For 45 minutes each week, students in Jessica Busch's class at Red Pine Elementary in Eagan are no longer just first-graders. Instead, when they don their white chef hats, they become Food Explorers, ready to touch, taste and smell foods that many of them have never tried before.

Last week, the students sampled "Superhero Salad," a mixture of spinach, mozzarella cheese and apples topped with a homemade dressing made of orange juice, basil and honey.

The verdict: There were a lot more "oohs" than "ewws," and nearly every kid liked it.

"I think they like experimenting in the classroom, and from what I've heard from parents, some will go home and try the recipes there," Busch said.

That's the point of Food Explorers, now in its second year, said Teresa Ambroz, health and wellness manager with the Minneapolis Heart Institute Foundation.

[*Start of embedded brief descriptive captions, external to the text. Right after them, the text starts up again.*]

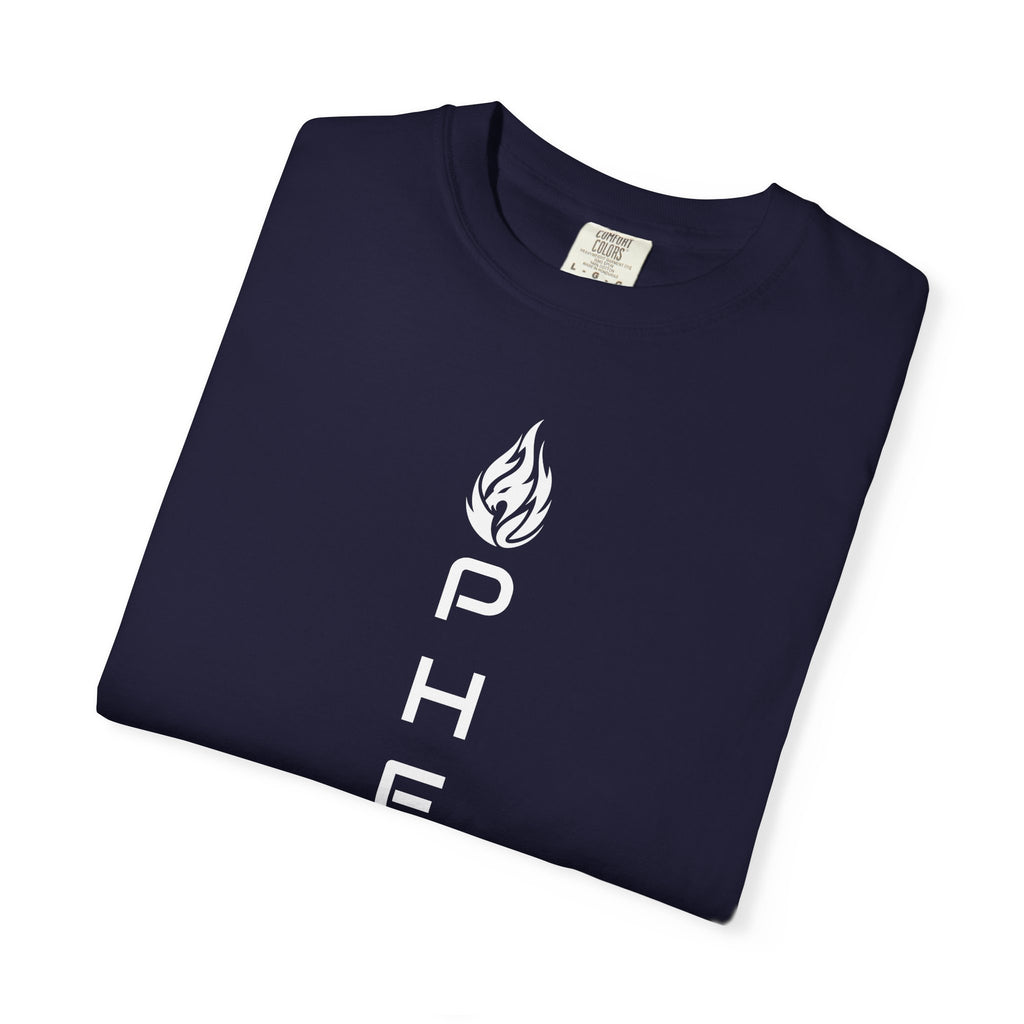 Pherus Vertical Flame Tee — Unisex Garment-Dyed Graphic T-Shirt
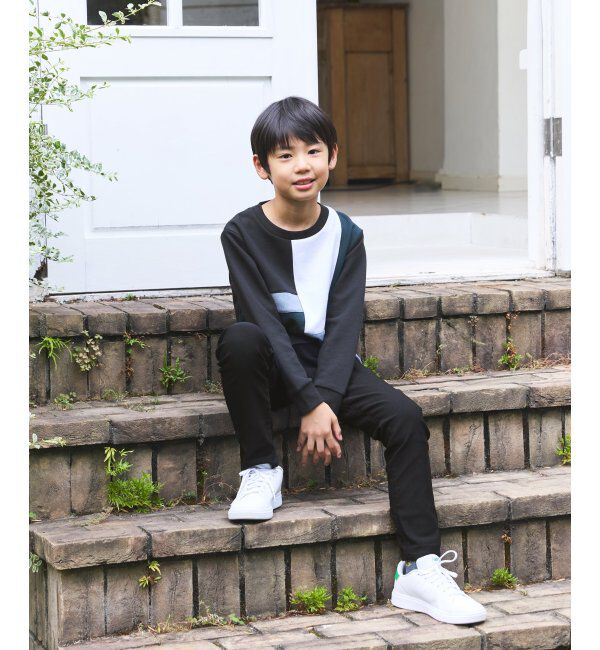 ikka kids「【親子コーデ】フェイクスエードブロックスプルオーバー（120~160cm）」|Tシャツ・カットソー|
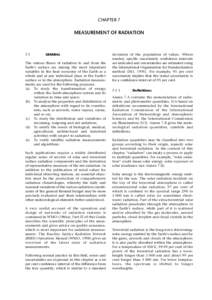 CHAPTER 7  measurement of radiation 7.1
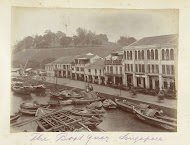 Schepen in de binnenhaven van Singapore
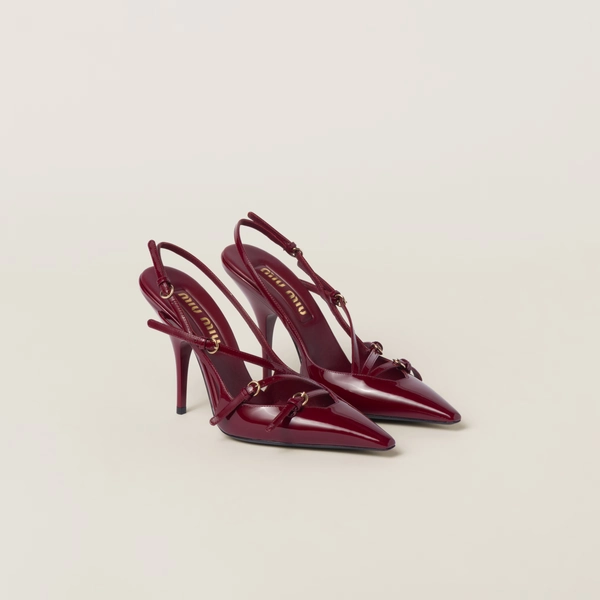 Miu Miu Cherry Slingbacks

The program was developed in collaboration with schools to reach kindergarten and first-grade students "so they could develop healthy habits when they're young," Ambroz said.

Another goal is to involve kids in preparing food so they can make meals at home.

The program was tested last year at two elementary schools, including Red Pine. In surveys, 73 percent of parents said their kids were more willing to try new foods after participating, and all of the teachers saw students increasing their fruit and vegetable consumption during lunch and snack times, Ambroz said.

A collaborative effort

Food Explorers trains parent and graduate student volunteers to go into classrooms in four south-metro schools, including two Burnsville-Eagan-Savage schools and Red Pine in Rosemount-Apple Valley-Eagan. About 600 kids participate, Ambroz said.

The program was developed with a chef, with help from nutritionists, school food service directors and a curriculum writer.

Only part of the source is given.